◆ **TASK**: Transcribe exactly the lines from the first line of the records through the line containing "Lodalite Polished Crystal", and leave out every picture.
----- INPUT FOR THIS TASK
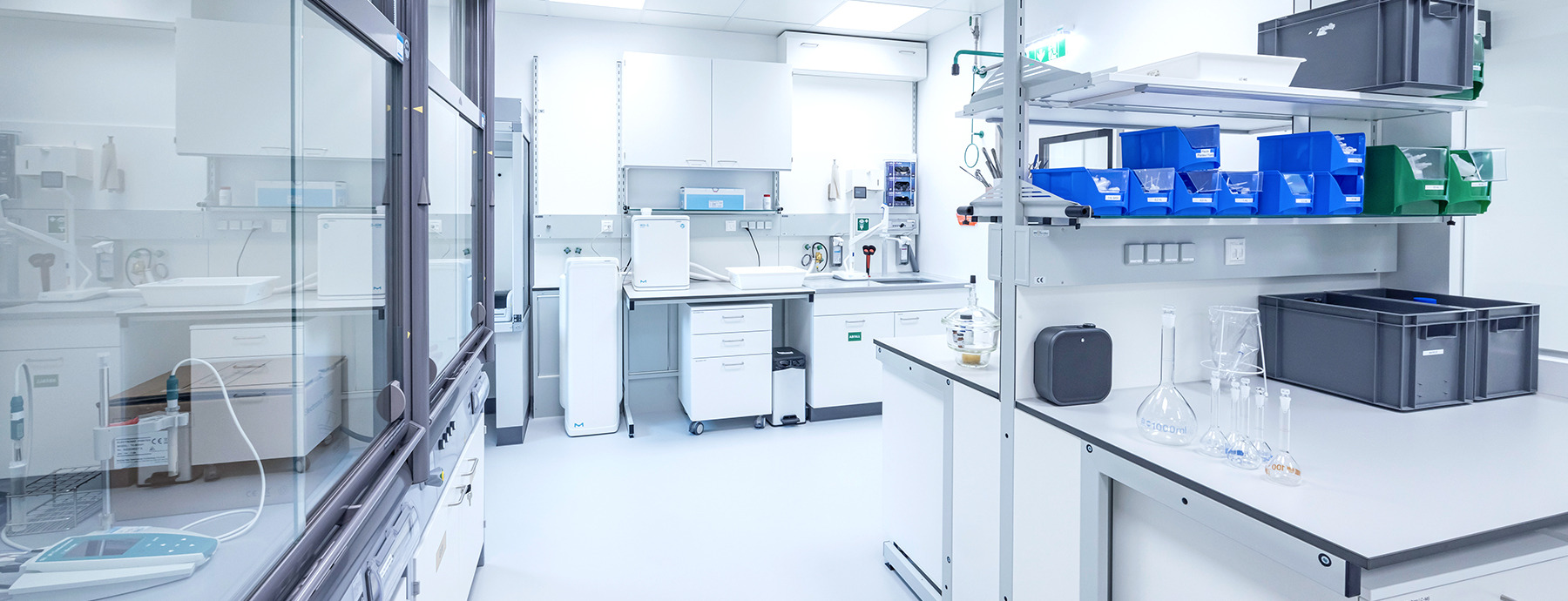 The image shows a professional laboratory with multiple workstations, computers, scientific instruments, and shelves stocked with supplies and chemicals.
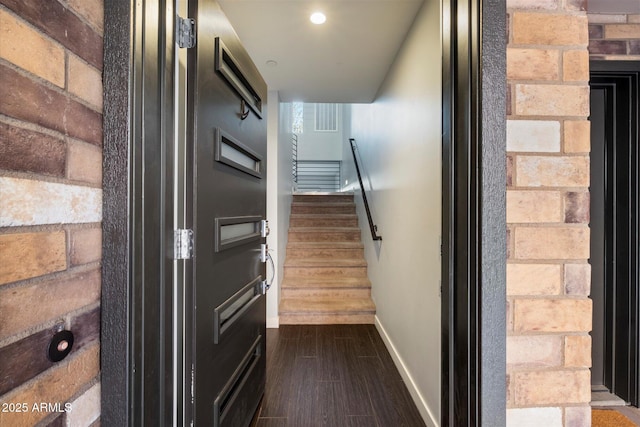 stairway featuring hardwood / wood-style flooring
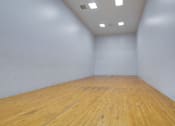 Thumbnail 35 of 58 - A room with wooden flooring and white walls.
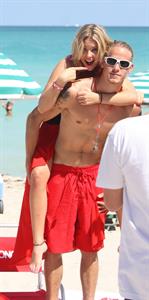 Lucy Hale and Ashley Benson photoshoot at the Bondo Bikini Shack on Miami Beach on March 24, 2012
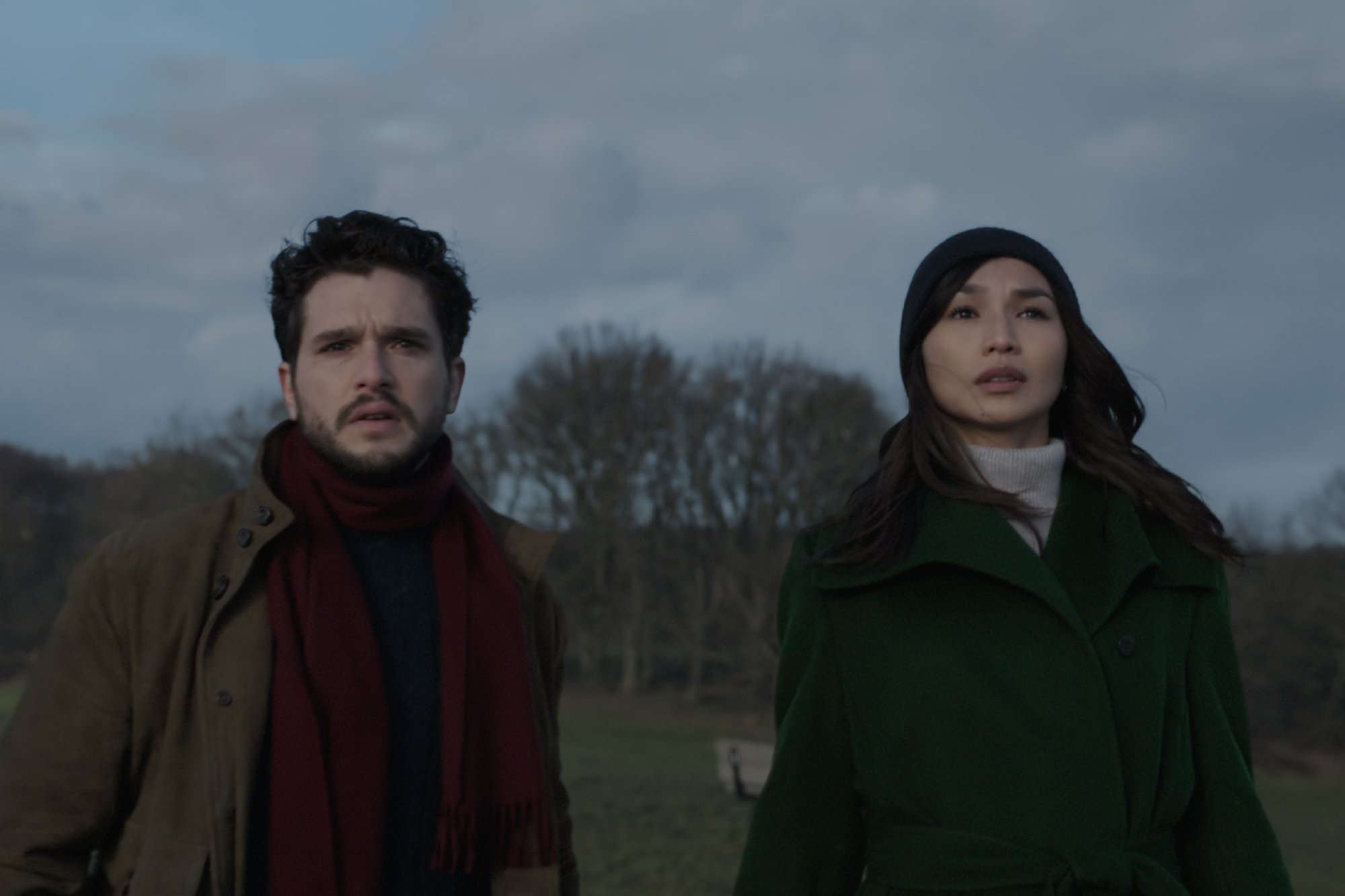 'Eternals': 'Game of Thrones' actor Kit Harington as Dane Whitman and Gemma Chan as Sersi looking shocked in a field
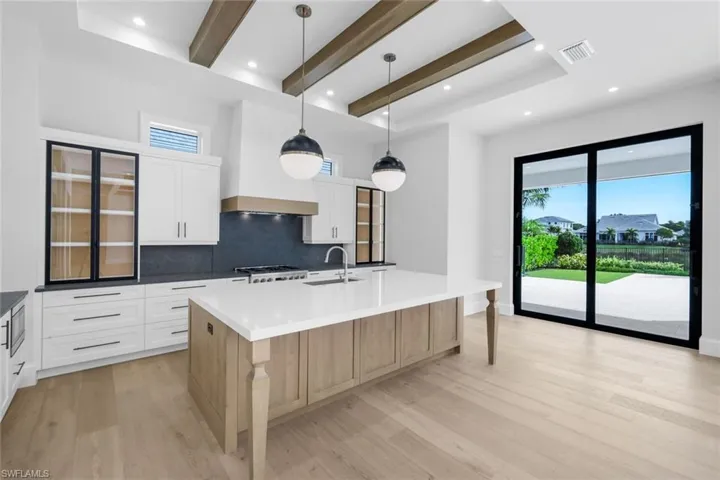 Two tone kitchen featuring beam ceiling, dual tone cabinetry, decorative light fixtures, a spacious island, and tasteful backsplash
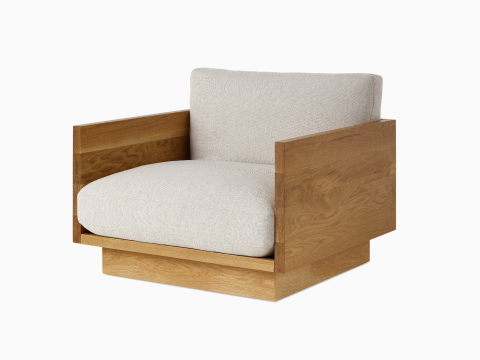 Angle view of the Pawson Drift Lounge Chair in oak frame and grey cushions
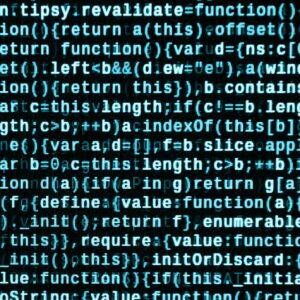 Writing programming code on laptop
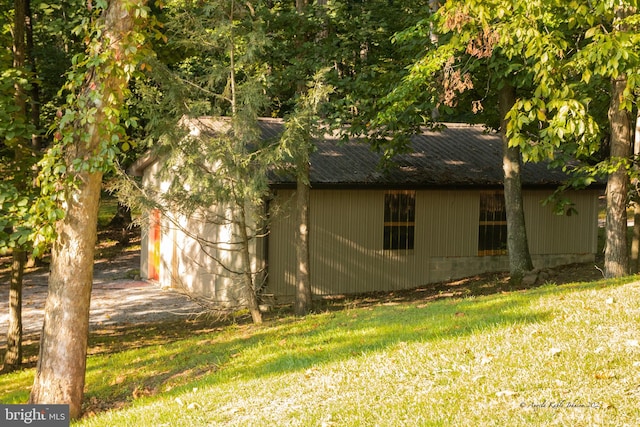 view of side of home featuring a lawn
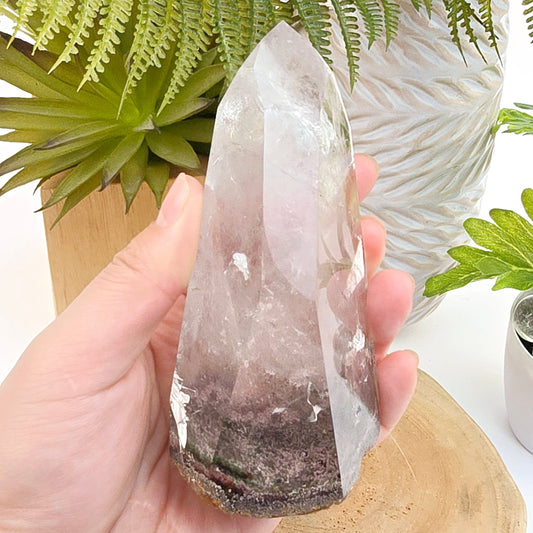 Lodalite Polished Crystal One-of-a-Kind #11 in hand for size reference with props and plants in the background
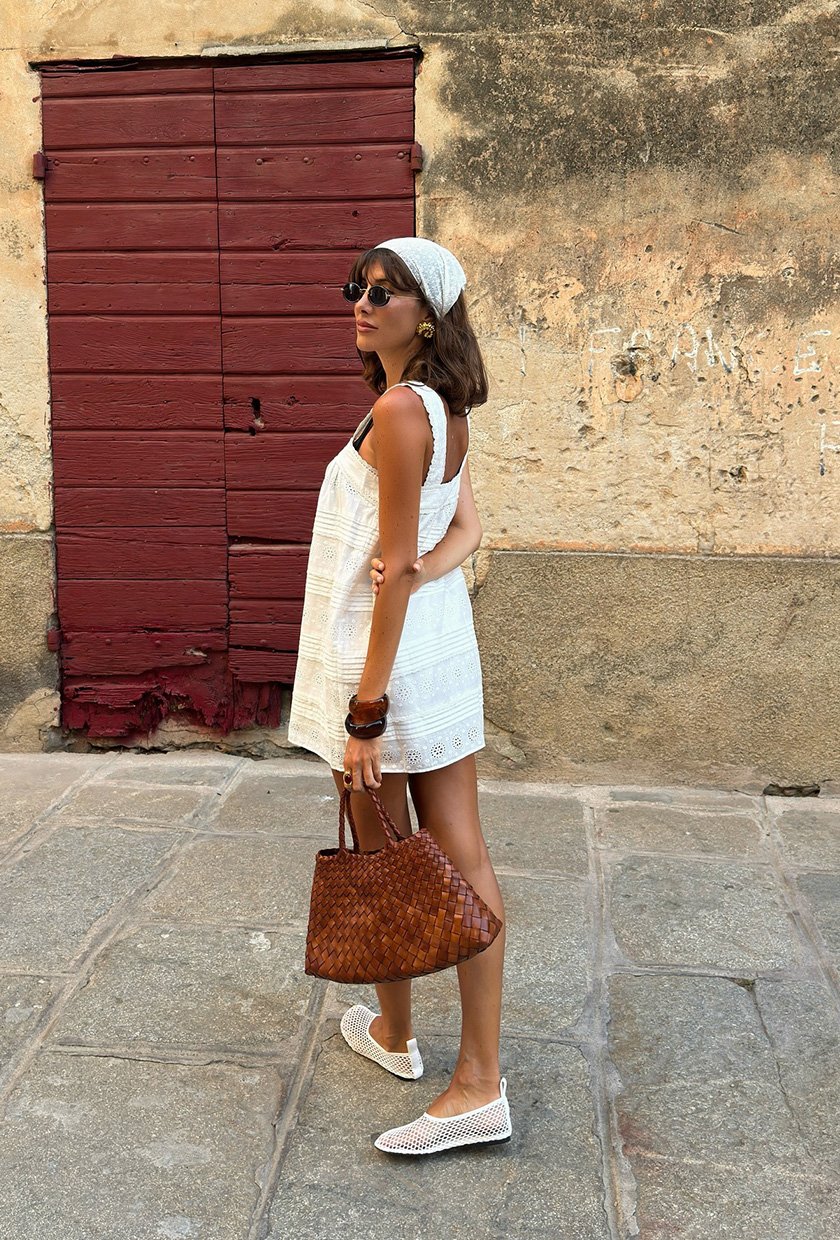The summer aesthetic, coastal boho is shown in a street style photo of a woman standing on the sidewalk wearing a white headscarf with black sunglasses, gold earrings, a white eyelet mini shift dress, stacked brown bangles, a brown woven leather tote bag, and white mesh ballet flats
----------
◆ **RESPONSE TO THIS TASK**:
 The image shows a professional laboratory with multiple workstations, computers, scientific instruments, and shelves stocked with supplies and chemicals.
 stairway featuring hardwood / wood-style flooring
 Thumbnail 35 of 58 - A room with wooden flooring and white walls.
 Lucy Hale and Ashley Benson photoshoot at the Bondo Bikini Shack on Miami Beach on March 24, 2012
 'Eternals': 'Game of Thrones' actor Kit Harington as Dane Whitman and Gemma Chan as Sersi looking shocked in a field
 Two tone kitchen featuring beam ceiling, dual tone cabinetry, decorative light fixtures, a spacious island, and tasteful backsplash
 Angle view of the Pawson Drift Lounge Chair in oak frame and grey cushions
 Writing programming code on laptop
 view of side of home featuring a lawn
 Lodalite Polished Crystal One-of-a-Kind #11 in hand for size reference with props and plants in the background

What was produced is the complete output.